Scientists have identified a set of genes that may represent new therapeutic targets for drug-resistant Acinetobacter baumannii infections, and potentially infections caused by other Gram-negative bacteria. The discovery, by researchers at the University at Buffalo, results from a set of studies designed to identify genes essential for the growth and survival of A. baumannii, a bacterium responsible for a growing number of potentially fatal hospital-acquired infections globally.
Compounding this A. baumannii infection problem is the fact that a number of strains are now resistant to all or nearly all antimicrobial drugs, but there are no new antimicrobial agents in development that are active against the bug, comments lead Buffalo researcher Thomas A. Russo, M.D. The team thus carried out a screen to identify genes that are essential for growth and survival of the bacterium and thus may represent new drug targets.
Genome-wide essentiality screens are usually performed on rich laboratory media, but the Buffalo researchers screen approach instead used human ascites to mimic conditions the bacterium is subjected to in vivo. “Laboratory conditions create a different type of environment from what happens in patients, where certain nutrients the bacteria need will be present in very low amounts and the where the bacteria encounter immune and inflammatory responses,” comments co-investigator Timothy C. Umland, Ph.D., professor of structural biology at the University at Buffalo School of Medicine and Biomedical Sciences. “We were purposely trying to test for genes that are important for growth in these more realistic conditions.”
The screen identified 34 mutant A. baumannii strains with unique gene disruptions that demonstrated little or no growth on ascites. Subsequent evaluation of these strains in a rat subcutaneous abscess model found that 18 of the genes were in vivo essential. “The putative gene products all had annotated biological functions, represented unrecognized or underexploited antimicrobial targets, and could be grouped into five functional categories: metabolic, two-component signaling systems, DNA/RNA synthesis and regulation, protein transport, and structural,” the investigators report in their published paper in mBio.

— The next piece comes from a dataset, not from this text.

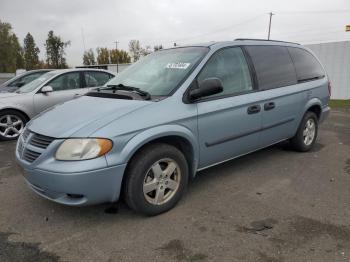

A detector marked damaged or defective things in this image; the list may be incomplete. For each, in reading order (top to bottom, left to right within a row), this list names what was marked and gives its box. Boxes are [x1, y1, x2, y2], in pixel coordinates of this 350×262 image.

damaged vehicle [16, 39, 330, 215]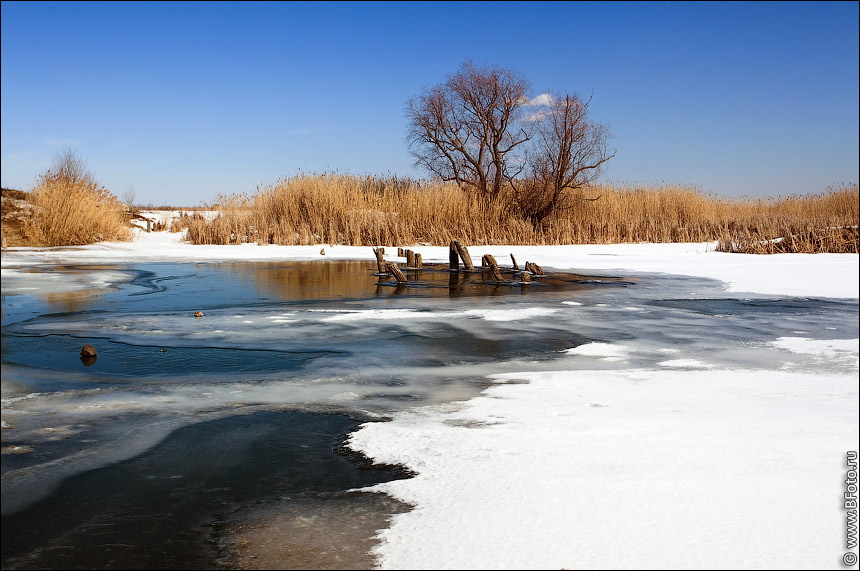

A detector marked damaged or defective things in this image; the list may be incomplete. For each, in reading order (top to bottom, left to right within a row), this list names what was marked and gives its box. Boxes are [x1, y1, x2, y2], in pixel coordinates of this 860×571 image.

broken dock remnant [450, 239, 478, 270]
broken dock remnant [384, 262, 408, 282]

Importantly, most of the 18 genes were missing from the current Database of Essential Genes (DEG), a catalogue of genes considered essential for bacterial growth, including those of Acinetobacter baylyi, which is closely related to A. baumannii. And none of the 18 genes, or their putative gene products, are the targets of either FDA-approved or developmental drugs. The team says the findings highlight the importance of screening for essential genes using clinically relevant media and in vivo validation. “This is a large set of genes that has been flying under the radar,” Dr. Russo states.
The newly identified genes may also be relevant as targets for other Gram-negative bacteria, professor Umland continues. “So far, our computational models show that these genes seem to be conserved across Gram-negative infections, meaning that they may lead to new drugs that would be effective for other drug-resistant infections as well.”
The researchers describe their results in a paper titled “In Vivo-Validated Essential Genes Identified in Acinetobacter baumannii by Using Human Ascites Overlap Poorly with Essential Genes Detected on Laboratory Media.”